Ce qui frappe d'abord, c'est la colorisation du film, qu'on peut prendre pour un caprice et une exagération d'icelui, car ces tons jaunes n'étaient pas une mode et donnent une impression initiale plutôt étrange. Mais ils ont tôt fait de se fondre dans des décors parfaitement colmatés, dont on a l'impression que les bords, à l'instar du théâtre, sont tout près, et pourtant invisibles – quoique ce sentiment se vérifie quand on découvre un membre de l'équipe de tournage qui se cache vainement dans le noir du coin d'un plan trop serré.
Une fois cette petite boîte ambiancée créée, Truffaut a pu agiter quelques acteurs plus que compétents qui ont constitué une oligarchie de la performance, à qui il a donné des lignes de bonne facture hélas marquées du sceau de sa molesse.
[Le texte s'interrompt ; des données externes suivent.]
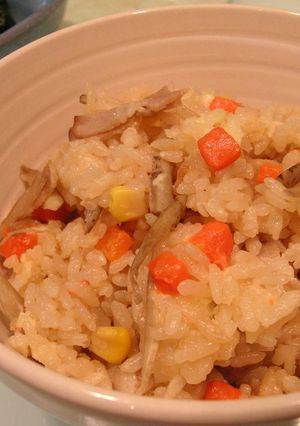 チーズが決め手♪洋風炊き込みご飯-レシピのメイン写真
La spontanéité l'emporte, sauf chez Deneuve qui est curieusement incompatible avec cette formule, perdant sa concentration quand les dialogues s'emmêlent pourtant de fort belle façon ; elle devient une actrice de présence, plus de réplique.
Le Dernier Métro est suffisamment bon pour ne pas souffrir de la comparaison avec un aussi bon film que Le Journal d'Anne Frank (George Stevens, 1959) avec lequel il partage des apparences, dans la qualité de son immersion dans un monde plein de guerre notamment, et pour sa maîtrise d'un environnement clos. Pour faire un contraste, les deux œuvres sont des survivals d'avant les survivals, des films tirant leur matière de la survie, du temps où elle était réelle et non encore un simple objet du divertissement. Pourtant c'est bien de la joie qu'on ressent quand de belliqueux préjudices s'abattent sur les Parisiens, sourdant à l'intérieur de la boîte sans que le réalisateur y soit – apparemment – pour quoi que ce soit (et si j'ai tort sur ce dernier point, c'est qu'il allie ingéniosité et discrétion).
Avec ses airs de Fantôme de l'opéra où le fantôme est un être arborant la Croix Gammée avec qui l'on cohabite ou l'on collabore, Le Dernier Métro nous donne à revivre le Paris du début des années 1940, mais aussi son cinéma, et pas seulement parce qu'on y mentionne le Jean Gabin de La Bête humaine (Jean Renoir, 1938). Vous l'aurez compris si vous ne le saviez déjà, Le Dernier Métro est un opus multiinfluencé qui tire ses forces de ses sources théâtrales, de son casting, et des racines qu'il enfonce avec passion et justesse dans les temps passés.